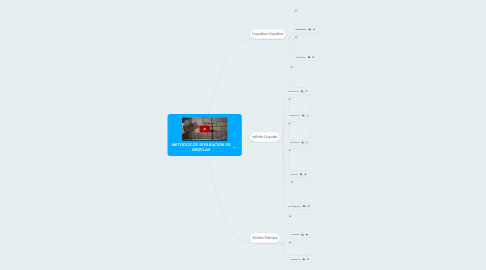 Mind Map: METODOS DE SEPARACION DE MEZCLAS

---

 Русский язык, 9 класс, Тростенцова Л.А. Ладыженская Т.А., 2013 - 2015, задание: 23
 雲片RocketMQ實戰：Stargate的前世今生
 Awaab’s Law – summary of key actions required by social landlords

GOAL OF THE EXERCISE
When the line with "Русский язык, 9" is reached in the data above, begin copying, and stop after the line with "Awaab’s Law –"; copy each line exactly, both ends included.

EXERCISE ANSWER
 Русский язык, 9 класс, Тростенцова Л.А. Ладыженская Т.А., 2013 - 2015, задание: 23
 雲片RocketMQ實戰：Stargate的前世今生
 Awaab’s Law – summary of key actions required by social landlords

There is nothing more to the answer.